1 U.S.C. § 204(a) states the rule:
“The matter set forth in the edition of the Code of Laws of the United States current at any time shall, together with the then current supplement, if any, establish prima facie the laws of the United States … Provided, however, That whenever titles of such Code shall have been enacted into positive law the text thereof shall be legal evidence of the laws therein contained, in all the courts of the United States, the several States, and the Territories and insular possessions of the United States.”
The distinction has a precise legal consequence. For non-positive-law titles, if the Code text and the underlying Statutes-at-Large text diverge, the Statutes at Large control — the Code is prima facie evidence, presumptively correct but rebuttable. For titles that Congress has enacted into positive law, the Code text is the law; the Statutes at Large may inform interpretation but the Code text controls.
Twenty-seven of the U.S. Code’s titles are currently positive law, roughly half. The Office of the Law Revision Counsel maintains the official list and updates it as new codification statutes are passed. Notable titles that are positive law include Title 5 (Government Organization and Employees), Title 11 (Bankruptcy), and Title 18 (Crimes). Notable titles that are not on the OLRC’s positive-law list include Title 26 (Internal Revenue) and Title 42 (Public Health and Welfare).

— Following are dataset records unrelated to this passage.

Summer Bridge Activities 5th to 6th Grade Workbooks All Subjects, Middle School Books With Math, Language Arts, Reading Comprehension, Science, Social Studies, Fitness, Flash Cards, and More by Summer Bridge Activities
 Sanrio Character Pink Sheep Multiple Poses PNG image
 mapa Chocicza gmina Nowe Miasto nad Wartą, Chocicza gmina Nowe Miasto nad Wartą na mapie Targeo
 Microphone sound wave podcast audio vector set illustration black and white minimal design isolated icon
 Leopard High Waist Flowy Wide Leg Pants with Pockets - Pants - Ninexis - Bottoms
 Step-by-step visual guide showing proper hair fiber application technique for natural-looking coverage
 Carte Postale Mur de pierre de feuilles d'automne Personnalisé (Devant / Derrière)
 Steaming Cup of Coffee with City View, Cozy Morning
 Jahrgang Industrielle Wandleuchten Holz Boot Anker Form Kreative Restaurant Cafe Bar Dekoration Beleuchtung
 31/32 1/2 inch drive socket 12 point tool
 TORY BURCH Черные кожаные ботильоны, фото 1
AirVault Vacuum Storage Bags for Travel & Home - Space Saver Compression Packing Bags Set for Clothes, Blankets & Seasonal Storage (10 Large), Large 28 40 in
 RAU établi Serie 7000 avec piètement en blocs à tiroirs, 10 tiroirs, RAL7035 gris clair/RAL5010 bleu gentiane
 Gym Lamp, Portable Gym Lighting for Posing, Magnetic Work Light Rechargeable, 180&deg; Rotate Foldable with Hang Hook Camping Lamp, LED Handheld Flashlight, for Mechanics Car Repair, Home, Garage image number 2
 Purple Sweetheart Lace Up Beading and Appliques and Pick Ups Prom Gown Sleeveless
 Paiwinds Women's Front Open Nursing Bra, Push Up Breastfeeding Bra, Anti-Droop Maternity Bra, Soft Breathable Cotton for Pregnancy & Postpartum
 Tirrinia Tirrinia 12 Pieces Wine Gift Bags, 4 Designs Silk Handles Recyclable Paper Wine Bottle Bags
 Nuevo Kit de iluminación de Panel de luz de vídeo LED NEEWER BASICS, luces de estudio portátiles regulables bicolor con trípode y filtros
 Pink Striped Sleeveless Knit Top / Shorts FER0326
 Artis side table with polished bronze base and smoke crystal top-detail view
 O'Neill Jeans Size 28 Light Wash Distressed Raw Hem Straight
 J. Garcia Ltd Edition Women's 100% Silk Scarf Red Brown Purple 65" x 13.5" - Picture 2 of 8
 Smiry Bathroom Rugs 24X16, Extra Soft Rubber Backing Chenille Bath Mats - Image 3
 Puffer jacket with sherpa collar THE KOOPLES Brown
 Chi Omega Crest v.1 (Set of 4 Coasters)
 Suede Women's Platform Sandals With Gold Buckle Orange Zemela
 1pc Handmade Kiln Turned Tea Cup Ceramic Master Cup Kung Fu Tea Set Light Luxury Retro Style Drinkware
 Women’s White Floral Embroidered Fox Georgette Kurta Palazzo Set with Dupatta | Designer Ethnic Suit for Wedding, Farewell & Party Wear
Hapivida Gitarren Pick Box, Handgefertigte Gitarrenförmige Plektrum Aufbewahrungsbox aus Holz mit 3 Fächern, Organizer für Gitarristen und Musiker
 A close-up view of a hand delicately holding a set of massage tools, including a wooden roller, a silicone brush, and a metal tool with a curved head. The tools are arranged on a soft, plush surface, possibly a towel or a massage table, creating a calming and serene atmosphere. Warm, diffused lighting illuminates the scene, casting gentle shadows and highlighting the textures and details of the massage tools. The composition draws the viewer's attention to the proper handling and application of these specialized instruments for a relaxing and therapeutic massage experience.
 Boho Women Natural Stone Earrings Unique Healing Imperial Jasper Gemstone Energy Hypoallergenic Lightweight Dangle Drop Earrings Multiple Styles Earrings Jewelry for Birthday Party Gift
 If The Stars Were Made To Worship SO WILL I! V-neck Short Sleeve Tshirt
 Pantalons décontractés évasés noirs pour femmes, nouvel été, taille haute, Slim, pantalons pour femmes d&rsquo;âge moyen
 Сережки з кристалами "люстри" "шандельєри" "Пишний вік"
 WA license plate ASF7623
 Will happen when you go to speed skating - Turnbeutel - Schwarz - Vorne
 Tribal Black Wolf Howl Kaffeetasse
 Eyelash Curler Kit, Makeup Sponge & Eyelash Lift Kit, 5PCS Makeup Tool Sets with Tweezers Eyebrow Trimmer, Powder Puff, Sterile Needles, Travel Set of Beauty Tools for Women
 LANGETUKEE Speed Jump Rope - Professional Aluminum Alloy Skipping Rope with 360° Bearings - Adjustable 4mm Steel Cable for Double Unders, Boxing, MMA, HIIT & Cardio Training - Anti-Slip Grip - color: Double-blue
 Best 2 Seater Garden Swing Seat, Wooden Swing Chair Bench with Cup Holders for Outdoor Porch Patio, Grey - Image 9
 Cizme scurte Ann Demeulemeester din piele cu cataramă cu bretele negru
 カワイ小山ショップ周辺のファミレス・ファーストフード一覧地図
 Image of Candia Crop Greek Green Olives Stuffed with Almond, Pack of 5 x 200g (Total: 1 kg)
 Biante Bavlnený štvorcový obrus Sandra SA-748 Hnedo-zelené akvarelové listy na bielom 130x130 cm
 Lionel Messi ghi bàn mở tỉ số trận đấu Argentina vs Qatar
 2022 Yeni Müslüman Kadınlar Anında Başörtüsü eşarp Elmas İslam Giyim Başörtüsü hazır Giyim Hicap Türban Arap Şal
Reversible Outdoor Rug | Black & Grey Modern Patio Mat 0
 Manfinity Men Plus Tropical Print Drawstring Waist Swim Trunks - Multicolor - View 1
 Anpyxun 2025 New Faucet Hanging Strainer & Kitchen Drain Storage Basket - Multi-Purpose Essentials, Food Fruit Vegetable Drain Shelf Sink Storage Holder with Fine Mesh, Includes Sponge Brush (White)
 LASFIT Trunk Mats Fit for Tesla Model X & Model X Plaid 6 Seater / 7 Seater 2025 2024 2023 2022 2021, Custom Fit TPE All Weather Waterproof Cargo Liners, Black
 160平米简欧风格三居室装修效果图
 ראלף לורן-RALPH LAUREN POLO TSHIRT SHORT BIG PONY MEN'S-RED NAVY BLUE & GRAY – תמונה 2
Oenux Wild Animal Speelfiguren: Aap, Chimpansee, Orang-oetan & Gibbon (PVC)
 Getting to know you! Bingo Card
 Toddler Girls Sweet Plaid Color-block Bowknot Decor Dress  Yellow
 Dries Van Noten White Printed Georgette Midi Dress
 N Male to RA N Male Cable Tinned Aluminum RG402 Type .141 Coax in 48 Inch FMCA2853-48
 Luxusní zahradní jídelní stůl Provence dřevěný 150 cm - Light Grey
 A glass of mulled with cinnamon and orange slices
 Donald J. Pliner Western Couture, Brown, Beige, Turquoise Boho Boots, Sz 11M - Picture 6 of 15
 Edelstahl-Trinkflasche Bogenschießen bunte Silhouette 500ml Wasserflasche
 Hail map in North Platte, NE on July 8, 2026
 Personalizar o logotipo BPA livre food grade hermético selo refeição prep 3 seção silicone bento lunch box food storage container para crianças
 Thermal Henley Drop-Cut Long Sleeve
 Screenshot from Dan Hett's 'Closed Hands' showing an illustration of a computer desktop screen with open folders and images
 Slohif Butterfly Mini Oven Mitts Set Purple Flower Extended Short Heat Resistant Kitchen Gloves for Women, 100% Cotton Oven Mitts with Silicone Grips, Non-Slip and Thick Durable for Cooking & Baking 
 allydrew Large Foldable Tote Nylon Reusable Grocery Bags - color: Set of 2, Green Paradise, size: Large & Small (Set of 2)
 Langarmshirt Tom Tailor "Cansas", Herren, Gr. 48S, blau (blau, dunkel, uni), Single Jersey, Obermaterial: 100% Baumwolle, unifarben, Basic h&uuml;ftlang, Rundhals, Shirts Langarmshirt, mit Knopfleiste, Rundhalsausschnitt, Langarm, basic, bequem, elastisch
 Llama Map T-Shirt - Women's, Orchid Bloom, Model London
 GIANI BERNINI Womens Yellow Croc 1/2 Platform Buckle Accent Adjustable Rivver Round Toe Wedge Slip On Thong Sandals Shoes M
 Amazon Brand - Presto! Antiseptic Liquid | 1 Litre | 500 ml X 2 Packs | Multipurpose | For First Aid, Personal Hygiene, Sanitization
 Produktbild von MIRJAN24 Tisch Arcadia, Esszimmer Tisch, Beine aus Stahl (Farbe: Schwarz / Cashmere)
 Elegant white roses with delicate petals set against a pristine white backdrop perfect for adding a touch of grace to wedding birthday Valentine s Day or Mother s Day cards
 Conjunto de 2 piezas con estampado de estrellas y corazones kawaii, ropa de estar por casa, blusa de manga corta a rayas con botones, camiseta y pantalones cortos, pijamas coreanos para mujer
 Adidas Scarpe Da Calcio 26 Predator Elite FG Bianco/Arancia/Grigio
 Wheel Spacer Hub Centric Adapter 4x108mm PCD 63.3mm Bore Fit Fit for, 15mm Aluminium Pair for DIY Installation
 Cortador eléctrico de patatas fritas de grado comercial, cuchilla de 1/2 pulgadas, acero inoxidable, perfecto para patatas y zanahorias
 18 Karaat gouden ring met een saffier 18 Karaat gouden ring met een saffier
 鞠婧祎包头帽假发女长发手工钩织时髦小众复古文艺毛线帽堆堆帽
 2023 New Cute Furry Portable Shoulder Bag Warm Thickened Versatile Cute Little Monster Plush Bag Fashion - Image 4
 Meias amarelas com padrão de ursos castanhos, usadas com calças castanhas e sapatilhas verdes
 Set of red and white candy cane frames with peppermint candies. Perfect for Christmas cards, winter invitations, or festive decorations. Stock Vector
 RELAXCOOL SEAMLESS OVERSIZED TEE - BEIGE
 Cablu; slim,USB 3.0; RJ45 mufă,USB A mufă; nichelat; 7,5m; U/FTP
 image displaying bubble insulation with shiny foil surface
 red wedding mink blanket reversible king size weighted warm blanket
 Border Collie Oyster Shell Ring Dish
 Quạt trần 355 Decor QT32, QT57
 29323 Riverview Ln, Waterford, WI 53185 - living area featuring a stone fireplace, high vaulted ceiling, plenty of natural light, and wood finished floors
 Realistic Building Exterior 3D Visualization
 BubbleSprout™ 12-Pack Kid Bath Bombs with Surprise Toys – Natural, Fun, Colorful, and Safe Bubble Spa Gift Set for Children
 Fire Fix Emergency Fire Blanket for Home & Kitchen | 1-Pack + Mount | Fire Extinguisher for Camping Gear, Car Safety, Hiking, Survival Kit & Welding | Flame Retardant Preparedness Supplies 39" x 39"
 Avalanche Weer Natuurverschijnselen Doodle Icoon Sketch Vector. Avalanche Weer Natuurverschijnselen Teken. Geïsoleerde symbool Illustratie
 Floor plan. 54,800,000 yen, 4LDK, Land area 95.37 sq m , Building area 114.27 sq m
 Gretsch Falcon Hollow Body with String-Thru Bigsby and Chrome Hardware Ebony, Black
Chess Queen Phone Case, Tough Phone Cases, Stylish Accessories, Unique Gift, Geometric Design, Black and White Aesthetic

The practical analytical implication: when a claim rests on Code text in a non-positive-law title, careful work checks the underlying public laws to confirm the Code accurately reflects them. The discrepancy is usually small — the OLRC does conscientious editorial work — but the discrepancy is what the prima facie qualifier preserves the right to litigate over. For positive-law titles, this concern is closed.
This is the first of the four lenses in the methodology: Is the cited authority positive law, or only prima facie evidence? Does the distinction matter here? Most of the time it does not. When it does, it can be dispositive.